The self-proclaimed Donetsk People's Republic of Novorossiya, in the midst of the fighting in the Donbass, held on 9 May in Donetsk the first public Victory Day parade of the so-called "United Armed Forces of Novorossiya" (military branch of the separatist organisation) together with the federal level Ministries of Internal Affairs and Emergency Situations. The situation was the same in the other non-recognised entity within Ukraine, Luhansk People's Republic, where on 9 May Luhansk's first ever Victory Day parade was held, with participation of the United Armed Forces of Novorossiya and the federal MVD and EMERCOM units of the entity.

The Nagorno-Karabakh Republic celebrated the day with a parade and other activities in Stepanakert on 9 May, also celebrating the 23rd anniversary of the Capture of Shusha during the First Nagorno-Karabakh War. Due to the ongoing Nagorno-Karabakh conflict, and the fact that immediately after the parade formation of Azerbaijan was the contingent from Armenia, a photograph of the parade on the website of the Ministry of Defense of Azerbaijan photoshopped the Flag of Armenia from the official parade picture.

Preparation 

Beginning in November/December 2014, preparations for the parade were well attended at the unit level. Individual unit practices were held in the various military installations for all the participating units, and by March 2015, the air flypast column began its individual practice flying runs. Also rehearsing for the parade are the massed military bands of the Armed Forces, the MVD, EMERCOM and the Moscow Garrison, all to be conducted for the 13th straight year by Lieutenant General Valery Khalilov, the Senior Director of Music of the Bands Service of the Russian Armed Forces since 2002, with a combined number of more than a thousand military bandsmen, and the world-famous Corps of Drums of the Moscow Military Music College "Field Marshal Alexander Suvorov", under the leadership of Colonel Alexander Gerasimov, the long-time college director, which has always (with a brief break from 2009 to 2011) had the privilege of leading the parade.

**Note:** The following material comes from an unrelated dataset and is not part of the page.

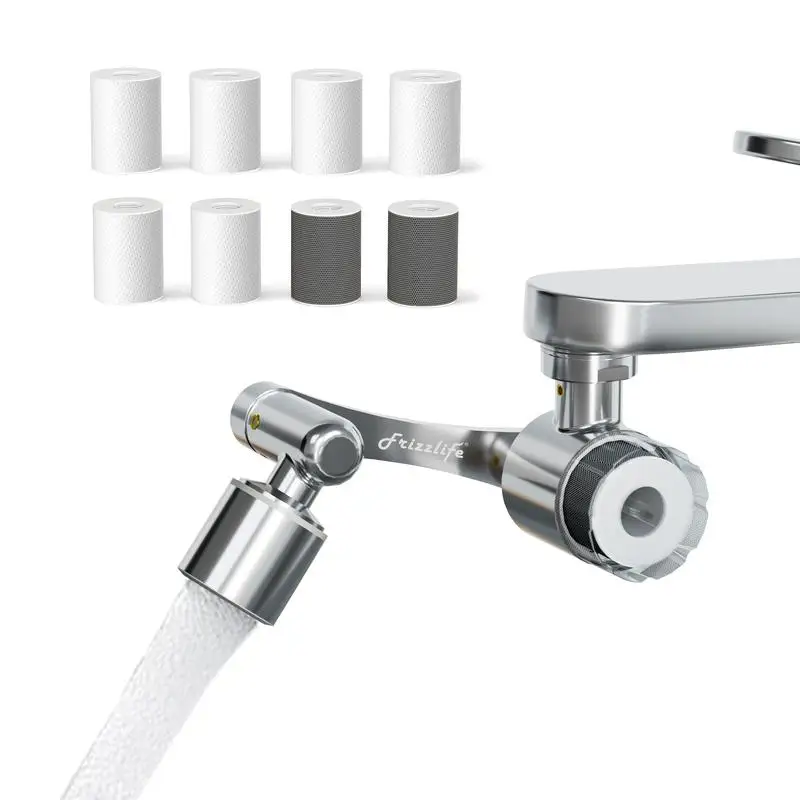 

Брызгозащищенный удлинитель смесителя для раковины Frizzlife с фильтром, 1080 ° Аэратор с вращающимся краном, снижение 999% хлора, 2 режима распылительной насадки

The parade practice runs officially commenced in the practice field at Alabino, Moscow Oblast, in April 2015, and will last until the middle of April when the runs on Red Square itself will start, ending with a final general combined practice run of the parade in early May. Before the first parade dry run, there was the first practice drivepast of the estimated 200 mobile column vehicles in attendance this year, that first drivepast was held on 27 March.

The first parade practice run on 3 April 2015 kicked off officially the preparation for the big parade, despite the snowy weather that day. Joining the first run-through rehearsal (for the march past segment and the mobile column only) was the first ever military women's contingent to march on Red Square for the very first time, composed of girl Cadet Corps students coming from the Moscow National Pensions School. This was followed by the first test run of the flypast column in the Alabino training grounds on 9 April, with the more than 150 aircraft taking part in that first run-through of the flypast segment.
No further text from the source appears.